Eisai appears to have taken great pains in attempting to thread the needle between cost concerns and its objectives as a for-profit company. Upon securing approval, the company issued a lengthy press release laying out the process by which it arrived at Leqembi’s price.
The statement describes a mathematical model Eisai used to calculate per-patient societal value of Leqembi, which it put at $37,600 per year. Drugmakers rarely pull back the curtain on their pricing decisions, making Eisai’s disclosure unusual.
“Eisai decided to price Leqembi below quantified societal value at the wholesale acquisition cost of $26,500 per year ... aiming to promote broader patient access, reduce overall financial burden, and support health system sustainability,” the company said in its statement. (Unlike with Aduhelm, Eisai led Leqembi’s development and was responsible for setting its price.)
In the near term, though, very few patients will be able to receive insurance coverage for treatment.
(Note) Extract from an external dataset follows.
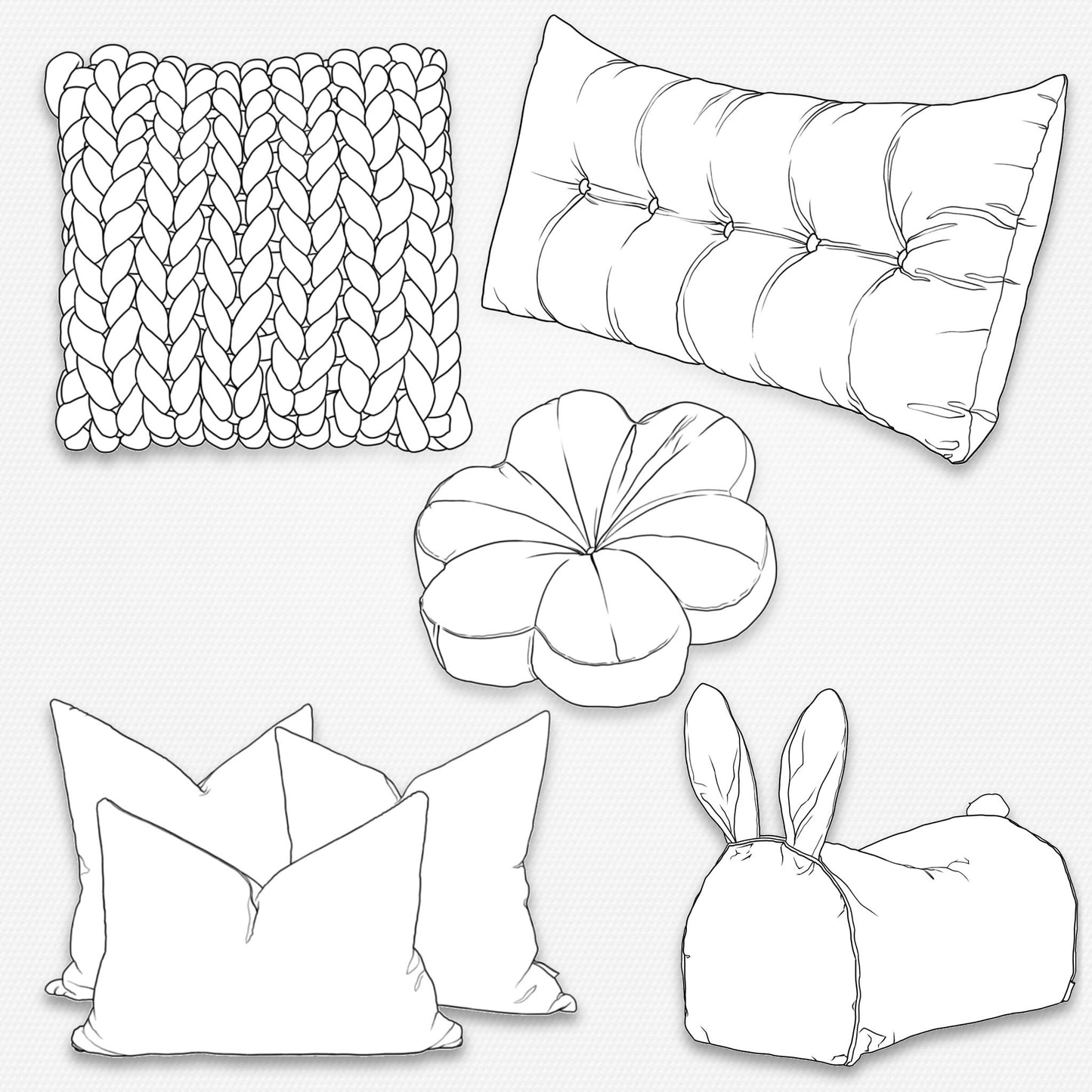95 Interior & Pillow Brushes for Procreate & Photoshop – Furniture & Decor Set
Many of those who would be eligible are on Medicare, which in April of last year issued a restrictive policy on Alzheimer’s drugs like Leqembi.
Under the policy, coverage for Alzheimer’s drugs approved on an accelerated basis, as Leqembi was, is restricted only to patients who are enrolled in a clinical trial. Eisai and Biogen plan to soon ask for full approval based on recent results from a large clinical trial that showed Leqembi significantly slowed decline versus a placebo. Even then, Medicare coverage would still have limitations.
“While this news is exciting, without insurance and Medicare coverage of this class of treatments, access will be limited to only those who can afford to pay out-of-pocket,” Joanne Pike, CEO of the Alzheimer’s Association, said in a statement.
The group, which has advocated heavily for approval of new Alzheimer’s drugs, said it’s submitted a formal request to the CMS to change its coverage policy.
In its own statement Friday, the CMS confirmed Leqembi would fall under its policy, but noted it’s examining “available information and may reconsider its current coverage based on this review.”
For its part, Eisai expects uptake of Leqembi will be gradual, estimating that the eligible patient population will reach approximately 100,000 individuals by its third year on the market. Adoption “will increase gradually over the mid-to-long term given the time required to advance new screening and diagnostic technologies,” Eisai added.
In notes to clients, analysts on Wall Street described Eisai’s assumptions as conservative, forecasting sales could reach several hundred million dollars by next year. Estimates of peak sales, which assume broader coverage over time, generally reach into the billions of dollars.
“While there's likely to be complaints from some stakeholders that Leqembi's demonstrated clinical benefit is too incremental to command such a price, we think this level of pricing is unlikely to generate the intense scrutiny that followed the initial [$56,000] Aduhelm price tag,” wrote Brian Skorney, an analyst at Baird, in a client note.
“We don’t expect this price to stunt demand for a product that, in the best case scenario, could slow clinical decline by multiple years,” he added.
Jonathan Gardner contributed reporting.